------ PROVIDED DATA
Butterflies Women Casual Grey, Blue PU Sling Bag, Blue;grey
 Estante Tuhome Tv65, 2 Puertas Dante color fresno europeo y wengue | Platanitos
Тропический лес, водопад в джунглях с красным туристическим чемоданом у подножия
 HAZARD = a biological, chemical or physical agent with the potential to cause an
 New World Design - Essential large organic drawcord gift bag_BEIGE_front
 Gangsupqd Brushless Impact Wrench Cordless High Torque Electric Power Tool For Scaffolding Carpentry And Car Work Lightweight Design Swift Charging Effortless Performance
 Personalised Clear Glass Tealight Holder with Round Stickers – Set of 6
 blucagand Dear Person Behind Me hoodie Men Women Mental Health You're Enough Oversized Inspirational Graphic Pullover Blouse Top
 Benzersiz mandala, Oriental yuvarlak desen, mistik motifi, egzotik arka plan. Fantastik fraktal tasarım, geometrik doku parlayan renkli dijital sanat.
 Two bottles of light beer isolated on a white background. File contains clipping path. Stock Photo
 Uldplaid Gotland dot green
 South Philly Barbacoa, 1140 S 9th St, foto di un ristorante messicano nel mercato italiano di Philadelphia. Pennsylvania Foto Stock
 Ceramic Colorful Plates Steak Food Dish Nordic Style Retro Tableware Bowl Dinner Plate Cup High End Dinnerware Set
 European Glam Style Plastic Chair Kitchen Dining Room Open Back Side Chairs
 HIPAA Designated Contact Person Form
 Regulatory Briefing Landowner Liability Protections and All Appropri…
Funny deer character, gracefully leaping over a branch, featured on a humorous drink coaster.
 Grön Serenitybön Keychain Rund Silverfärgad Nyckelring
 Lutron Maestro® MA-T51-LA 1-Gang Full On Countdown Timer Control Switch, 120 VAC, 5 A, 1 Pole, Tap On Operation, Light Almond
------------
EXERCISE PROMPT: Each line above that carries the string "High" has to be returned.

ANSWER FOR THIS EXERCISE:
 Gangsupqd Brushless Impact Wrench Cordless High Torque Electric Power Tool For Scaffolding Carpentry And Car Work Lightweight Design Swift Charging Effortless Performance
 Ceramic Colorful Plates Steak Food Dish Nordic Style Retro Tableware Bowl Dinner Plate Cup High End Dinnerware Set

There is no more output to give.